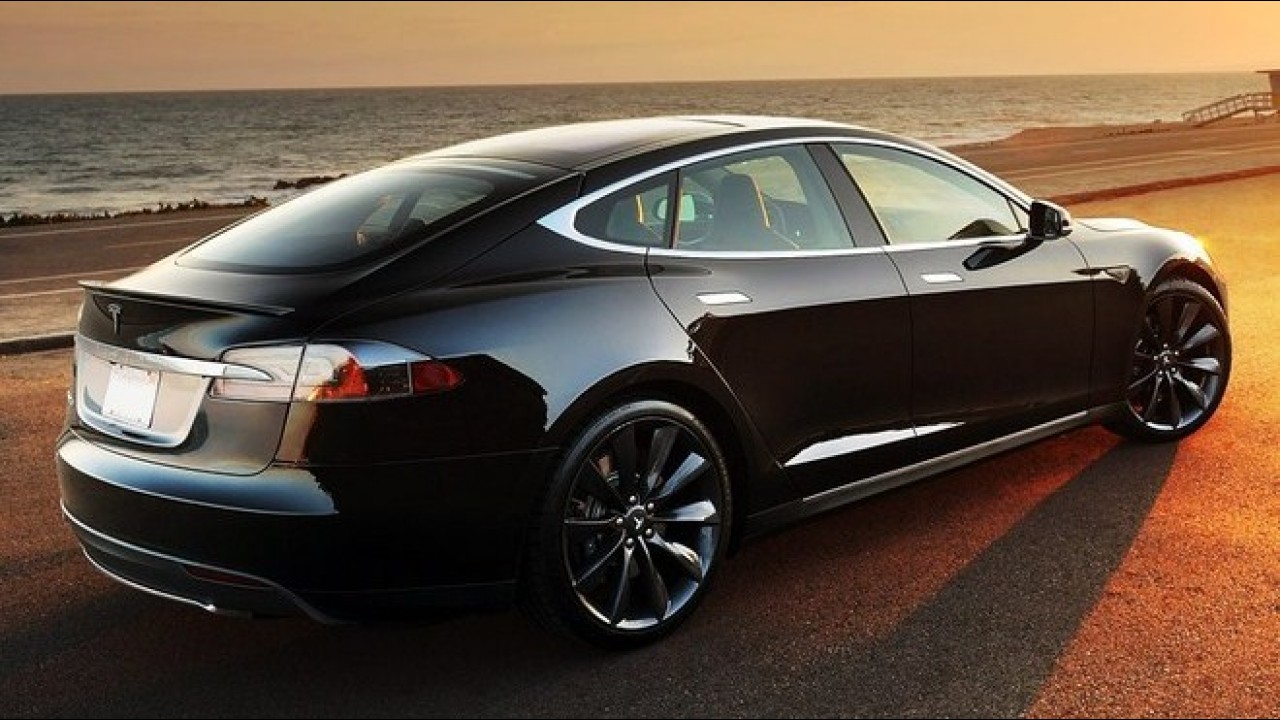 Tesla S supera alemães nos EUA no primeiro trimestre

=-=-=

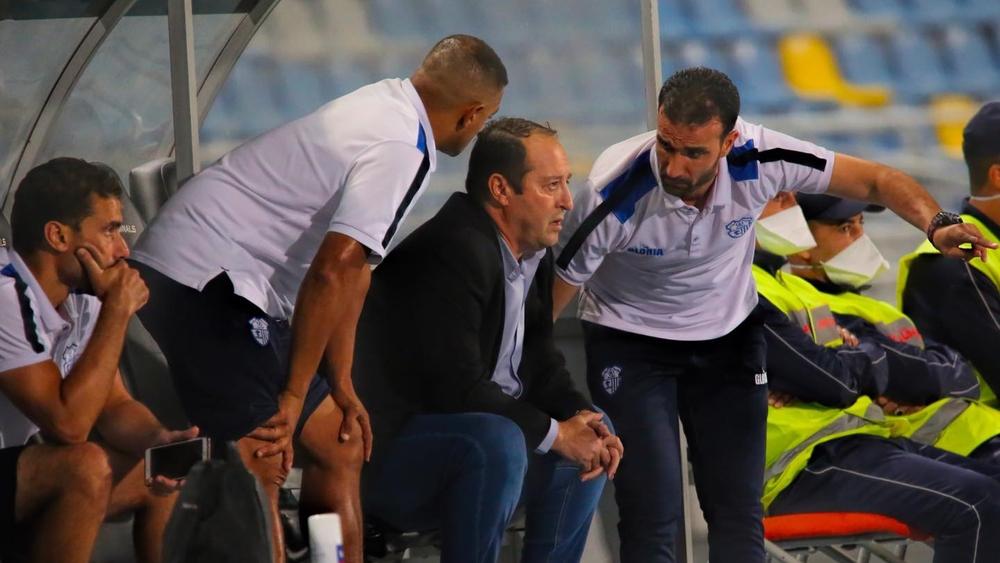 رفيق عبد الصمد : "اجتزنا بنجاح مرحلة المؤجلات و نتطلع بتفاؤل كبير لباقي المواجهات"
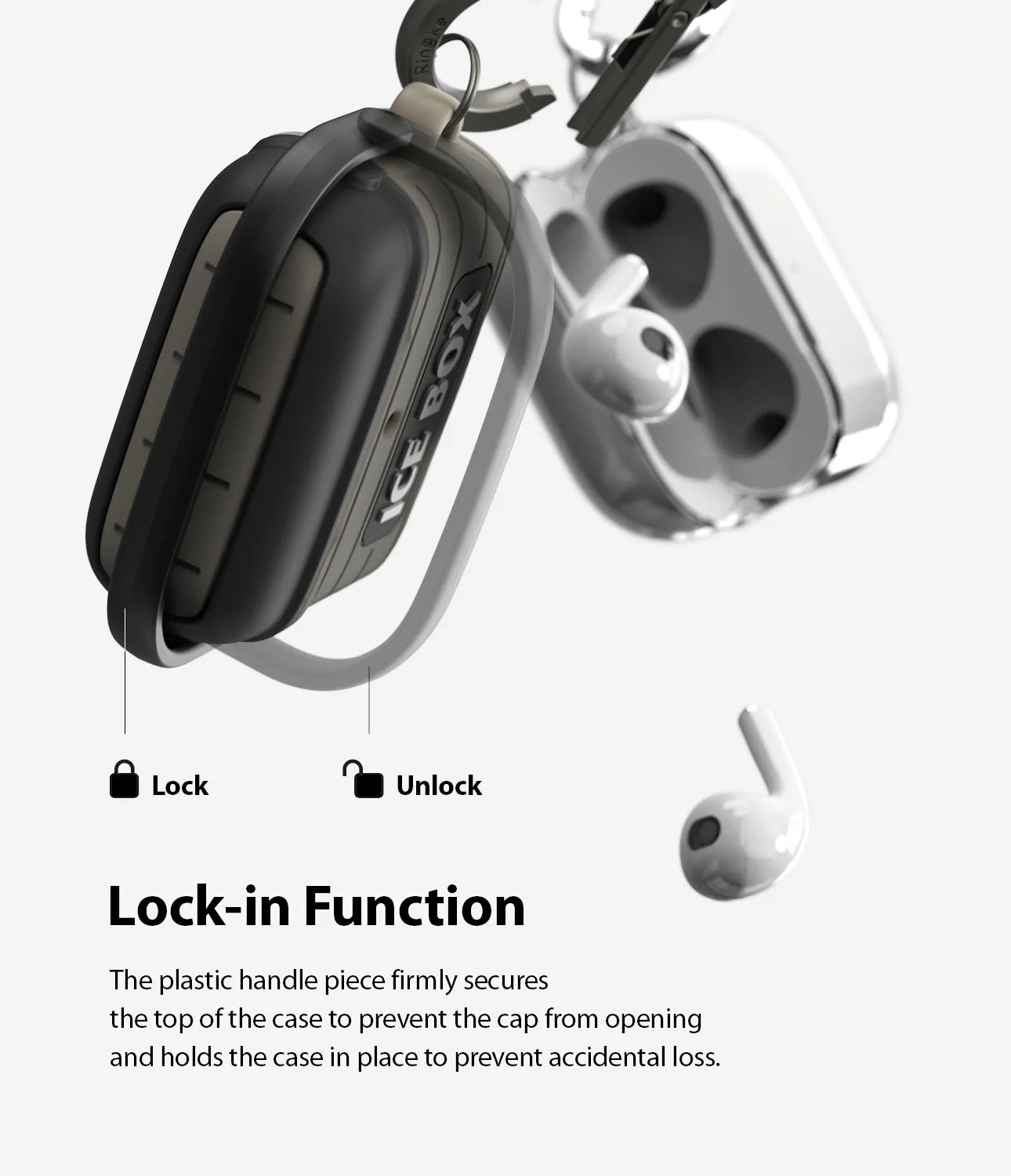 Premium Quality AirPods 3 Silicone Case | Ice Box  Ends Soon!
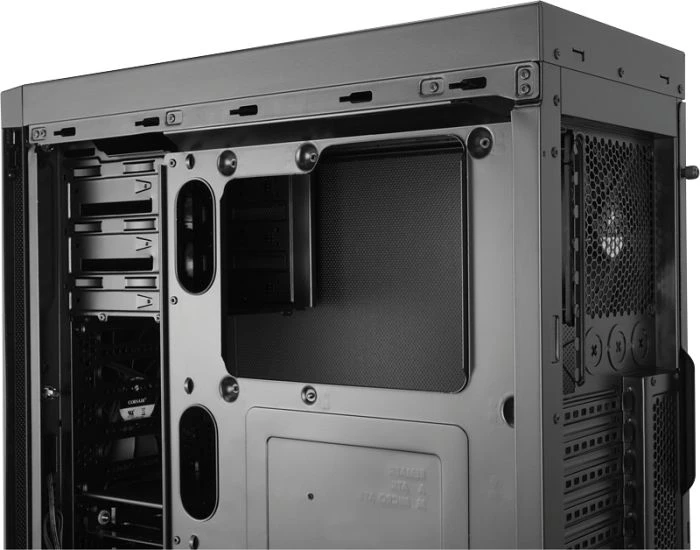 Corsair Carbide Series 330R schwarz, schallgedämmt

=-=-=

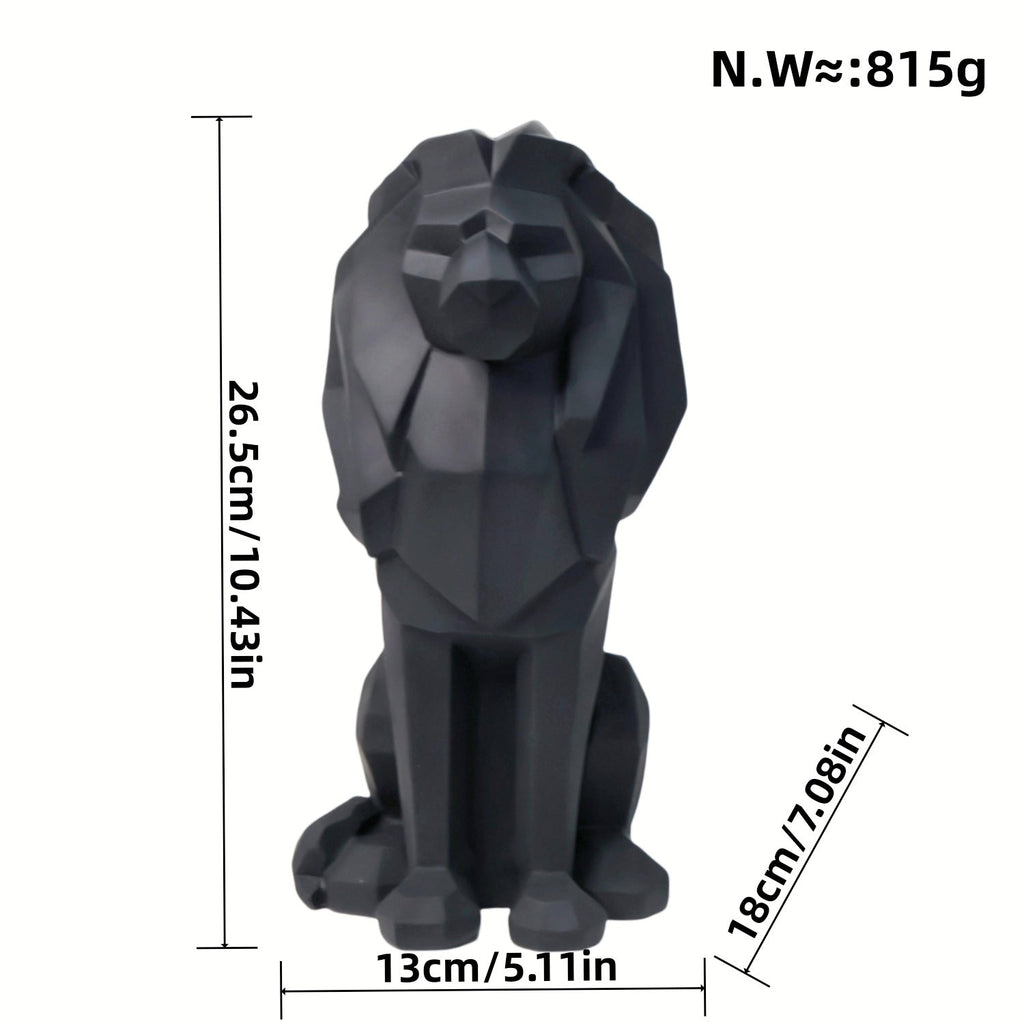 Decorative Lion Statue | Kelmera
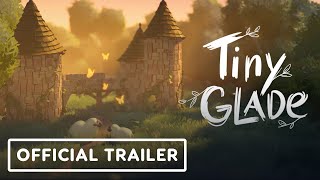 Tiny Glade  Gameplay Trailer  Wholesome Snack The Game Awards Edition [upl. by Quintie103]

=-=-=

- _Task requirements_
Copy word for word only the lines above from the one with "Premium Quality AirPods" through the one with "Corsair Carbide Series". Leave pictures out.

- _Written answer_
 Premium Quality AirPods 3 Silicone Case | Ice Box  Ends Soon!
 Corsair Carbide Series 330R schwarz, schallgedämmt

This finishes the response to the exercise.